Speaking of bigs -- we didn't need reminding of it -- certainly Mr. Robin Lopez -- his effect on the game. We talk so much and get caught up in it talking about his defense all the time. What he gives this team offensively in terms of screen-setting and rolling to the hoop, his effect on Nic Batum -- it just jumps out at you when you watch a ballgame, the way those guys play together. It's so nice to have him back. Robin's another one of those moves -- you talked about bringing in [Chris] Kaman, and also [Steve] Blake with him -- moves that maybe didn't move the needle nationally, at least on the East Coast. Robin was one of those moves. How vitally important is he to this team?

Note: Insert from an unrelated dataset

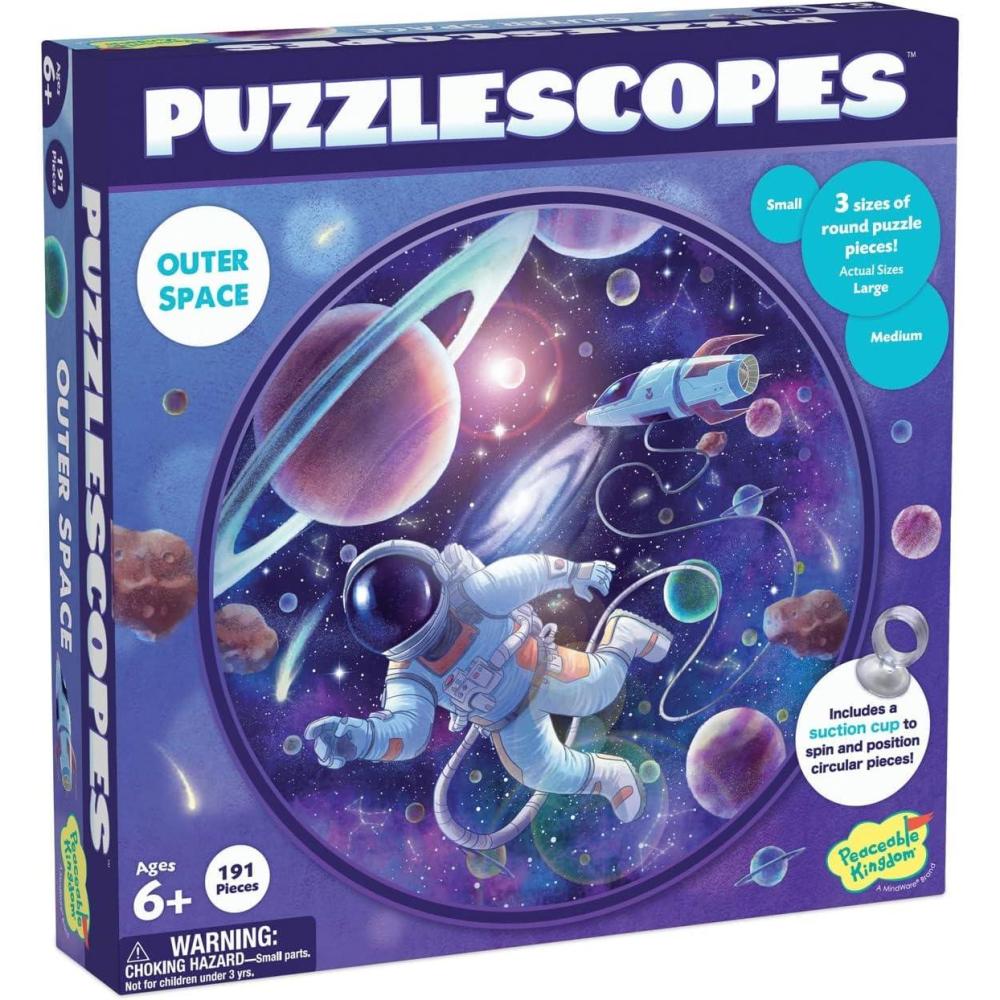 imagePeaceable Kingdom Puzzlescopes Outer Space 191Pc Puzzle for Kids Ages 6 amp Up Included Suction Cup to Spin and Position Circular Pieces Great for Home or Classrooms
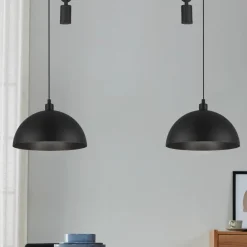 EGLO Winkworth pendellampe, svart, lengde 118 cm, metall, 2 lyskilder.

I'll give you guys a trivia question that Terry Stotts came up with over the weekend. He must've been bored or he must not have been able to sleep after the Dallas game, but here's the question for you: in the history of the Trail Blazers, there are two current players that rank in the top ten in offensive efficiency all-time. Who are they? One is #1 and one is #10. The Trail Blazers score the most points per 100 possessions when they are on the court.

Because you set it up with Robin, I assume he's one.

Robin is #1. Meyers Leonard is #10. And that's along with greats like Kiki Vandeweghe and Terry Porter and Clyde Drexler and Danny Ainge and Buck Williams and Dale Davis. The list goes on. So you're right. The irony is when [Lopez] went out, we were ranked second in the league defensively and we're basically third right now -- third hanging around fourth. But the falloff has been on the offensive end. [Lopez] changes the geometry of the floor, he's an incredible screener, he's a roller, he can catch and finish, he makes the game easier for Nicolas [Batum] in those secondary pick-and-rolls. And a big part of our offense last year and our efficiency was our offensive rebounding and second-chance points, which kind of went away because we just weren't rebounding on the offensive end at the same level. Those are the things [Lopez]'s contributed and that's why we're probably one bad two-minute stretch from being undefeated since he's returned.

You hear Ray Allen, every day we hear in the paper the Clippers are after him and this team is after him. What's your thoughts on mid-year trades to bring people in or free agents that are out there or the buyout with Amar'e [Stoudemire]? What do you feel like mid-year?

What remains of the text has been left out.